*PROBLEM STATEMENT:* Return, from the lines below, each one that includes the word "with".

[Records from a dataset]
=== Begin Enclosure ===

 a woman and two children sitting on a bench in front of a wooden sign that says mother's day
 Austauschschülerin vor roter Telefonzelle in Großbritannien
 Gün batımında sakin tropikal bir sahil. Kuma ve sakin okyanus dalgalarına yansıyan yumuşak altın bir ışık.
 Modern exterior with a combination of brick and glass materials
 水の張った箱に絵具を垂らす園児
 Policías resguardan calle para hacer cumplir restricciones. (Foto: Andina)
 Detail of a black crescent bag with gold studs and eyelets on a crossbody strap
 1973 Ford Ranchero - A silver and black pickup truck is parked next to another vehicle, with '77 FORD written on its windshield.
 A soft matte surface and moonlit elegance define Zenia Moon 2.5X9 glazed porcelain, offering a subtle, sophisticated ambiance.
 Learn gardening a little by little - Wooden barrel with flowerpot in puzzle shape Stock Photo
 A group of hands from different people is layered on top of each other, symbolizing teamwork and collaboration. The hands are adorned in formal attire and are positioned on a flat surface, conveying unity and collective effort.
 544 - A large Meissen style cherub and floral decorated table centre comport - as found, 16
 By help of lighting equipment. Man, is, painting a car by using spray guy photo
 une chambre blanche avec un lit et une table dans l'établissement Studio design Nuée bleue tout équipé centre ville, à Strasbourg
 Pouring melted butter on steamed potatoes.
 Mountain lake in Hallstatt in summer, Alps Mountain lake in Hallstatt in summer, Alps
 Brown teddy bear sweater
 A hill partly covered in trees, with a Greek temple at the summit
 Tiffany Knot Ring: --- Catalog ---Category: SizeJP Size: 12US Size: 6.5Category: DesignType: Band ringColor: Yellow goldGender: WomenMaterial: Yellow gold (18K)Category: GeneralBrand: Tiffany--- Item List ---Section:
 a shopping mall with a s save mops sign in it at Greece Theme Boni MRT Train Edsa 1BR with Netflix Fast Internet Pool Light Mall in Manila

=== End Enclosure ===

*SOLUTION FOR THIS TASK:*
 Modern exterior with a combination of brick and glass materials
 Detail of a black crescent bag with gold studs and eyelets on a crossbody strap
 1973 Ford Ranchero - A silver and black pickup truck is parked next to another vehicle, with '77 FORD written on its windshield.
 Learn gardening a little by little - Wooden barrel with flowerpot in puzzle shape Stock Photo
 A hill partly covered in trees, with a Greek temple at the summit
 a shopping mall with a s save mops sign in it at Greece Theme Boni MRT Train Edsa 1BR with Netflix Fast Internet Pool Light Mall in Manila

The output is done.